More Than Human by Theodore Sturgeon
There's Lone, who can make a man blow his own brains out just by looking at him. There's Janie, who moves things without touching them, and the unique power of the teleporting twins. There's Baby, who invented an antigravity engine while still in the cradle, and Gerry, who has everything it takes to run the world -- except for a conscience. Separately, they are talented freaks. Together they compose a single organism that may represent the next step in evolution. As the protagonist of More Than Human struggle to find out whether they are meant to help humanity or destroy it, Theodore Sturgeon explores the questions of power and morality, individuality and belonging, with sophistication and lyricism rarely seen in science fiction.

March 2017:

Children of Time by Adrian Tchaikovsky
The last remnants of the human race left a dying Earth, desperate to find a new home among the stars.

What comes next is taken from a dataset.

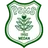 PSMS Medan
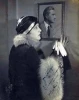 The Marriage Clause (1926)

Following in the footsteps of their ancestors, they discover the greatest treasure of the past age a world terraformed and prepared for human life. But all is not right in this new Eden. In the long years since the planet was abandoned, the work of its architects has borne disastrous fruit. The planet is not waiting for them, pristine and unoccupied. New masters have turned it from a refuge into mankind's worst nightmare. Now two civilizations are on a collision course, both testing the boundaries of what they will do to survive. As the fate of humanity hangs in the balance, who are the true heirs of this new Earth?

April 2017:

A Darkling Sea by James L. Cambias

On the planet Ilmatar, under a roof of ice a kilometer thick, a team of deep-sea diving scientists investigates the blind alien race that lives below. The Terran explorers have made an uneasy truce with the Sholen, their first extraterrestrial contact: so long as they don't disturb the Ilmataran habitat, they're free to conduct their missions in peace.
But when Henri Kerlerec, media personality and reckless adventurer, ends up sliced open by curious Ilmatarans, tensions between Terran and Sholen erupt, leading to a diplomatic disaster that threatens to escalate to war.
Against the backdrop of deep-sea guerrilla conflict, a new age of human exploration begins as alien cultures collide. Both sides seek the aid of the newly enlightened Ilmatarans. But what this struggle means for the natives and the future of human exploration is anything but certain, in "A Darkling Sea "by James Cambias.



Okay that is what I am thinking about at the moment. Any vetos? How about suggestions for the rest of 2017?